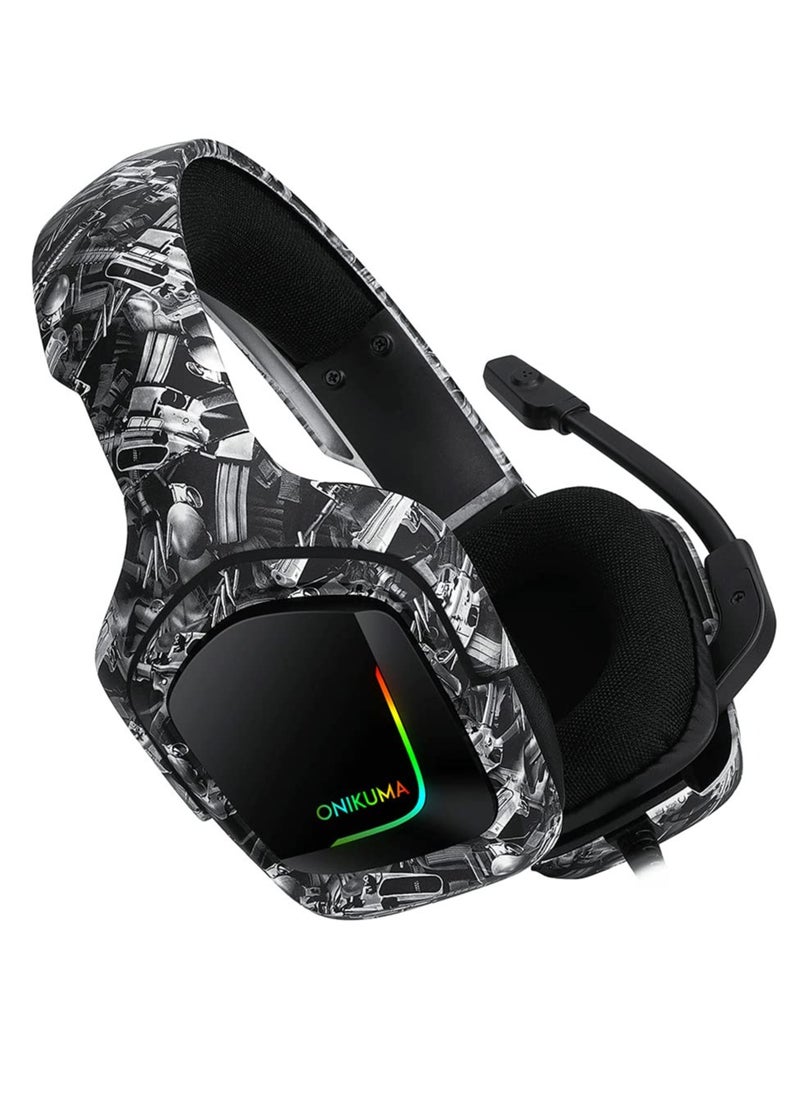 K20 Wired Gaming Headset for PS4, Xbox One with Noise Cancelling Mic with Mute & Volume Control, Lightweight Ergonomic Cool RGB - Camouflage Grey
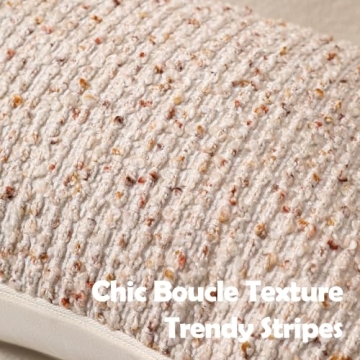 DEZENE Striped Throw Pillow Covers Set of 2 Beige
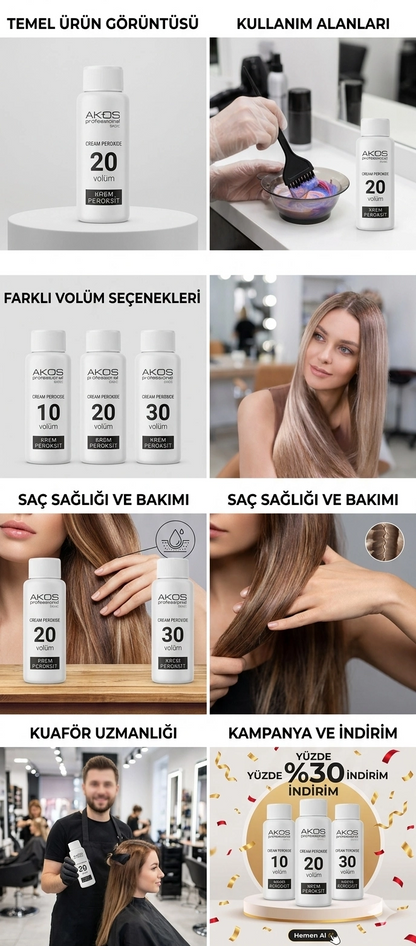 Akos Krem Peroksit 30 Volüm %9 60ML-10 Adet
▬▬▬
Make an exact printout of the listing above, omitting the images.

REPLY TO THE EXERCISE:
 K20 Wired Gaming Headset for PS4, Xbox One with Noise Cancelling Mic with Mute & Volume Control, Lightweight Ergonomic Cool RGB - Camouflage Grey
 DEZENE Striped Throw Pillow Covers Set of 2 Beige
 Akos Krem Peroksit 30 Volüm %9 60ML-10 Adet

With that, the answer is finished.